Institutions participating in PILOT can utilize community benefit offsets to deduct from their assessed PILOT payments, which is generally restricted to 50% of their requested PILOT contribution. As of November 3, 2020, for Fiscal Year 2020, community benefit offsets accounted for $52,911,627 of the $112,242,116 total requested PILOT contributions. With only $34,390,529 of PILOT contributions made in cash, community benefit offsets accounted for about 61% of all PILOT contributions. 

Given that these institutions rely on the city for public infrastructure and services, community benefits should serve the same core needs of Boston residents as would be supported through the City’s General Fund. Furthermore, community benefits should contribute to the overarching goal of addressing Boston’s enormous wealth and gaping racial and economic inequality.

PILOT Revaluation

In August 2020, as the Chair of the Boston’s City Council PILOT Reform Committee, I sent a letter alongside many of my Council colleagues asking Mayor Marty Walsh to update the valuations for the real estate held by PILOT-paying nonprofits in the City of Boston. The original valuations that form the basis for the City’s Payment-in-Lieu-of-Taxes (PILOT) program were done in 2009, more than a decade ago. In October 2020, Boston’s Assessing Department has now committed to a full data review and revaluation in 2021. 

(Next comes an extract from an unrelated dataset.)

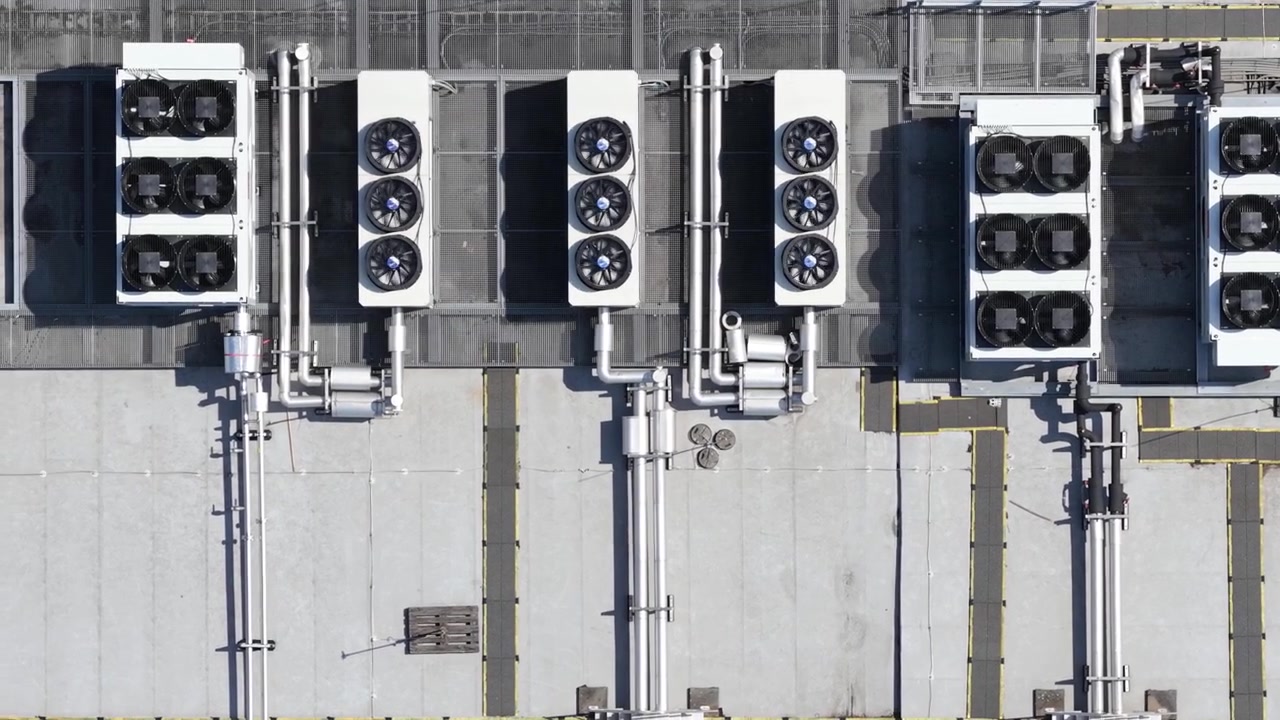 Top down aerial view of large industrial hvac air conditioning units installed on the flat roof of a modern building, showing ventilation fans spinning and complex piping systems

I’m thankful to the coalition of community partners who form the PILOT Action Group for their ongoing multiyear advocacy to make the PILOT program as robust a mechanism as possible for partnership between our large non-profit institutions and the urban neighborhoods in which they are embedded.

While there is more to do to build on the PILOT’s program success in pursuit of a more equitable Boston, this commitment to revaluation in 2021 is a great step in regard to a key program that supports so many essential city services.